§ **WORK ITEM**: Look below for the line with "casa indipendente in" and the line with "Building Photo - 513 Glenmere Ave". Copy exactly those two lines and every line between, but not the pictures.

§ **AVAILABLE DATA**:

=== Section Start ===

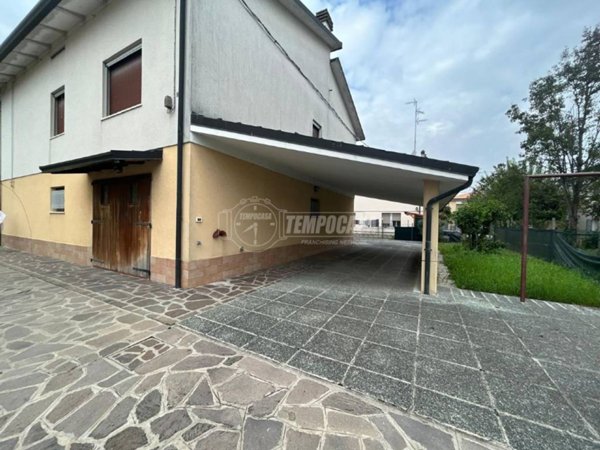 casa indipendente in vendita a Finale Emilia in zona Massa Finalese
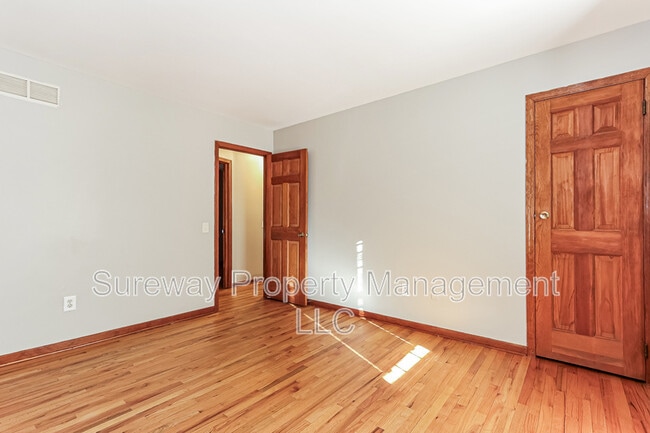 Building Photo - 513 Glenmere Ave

=== Section End ===
=== Section Start ===

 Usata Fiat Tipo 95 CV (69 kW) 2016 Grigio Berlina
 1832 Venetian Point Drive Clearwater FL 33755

=== Section End ===
=== Section Start ===

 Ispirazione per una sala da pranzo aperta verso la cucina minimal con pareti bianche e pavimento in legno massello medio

=== Section End ===

§ **THE ANSWER**:
 casa indipendente in vendita a Finale Emilia in zona Massa Finalese
 Building Photo - 513 Glenmere Ave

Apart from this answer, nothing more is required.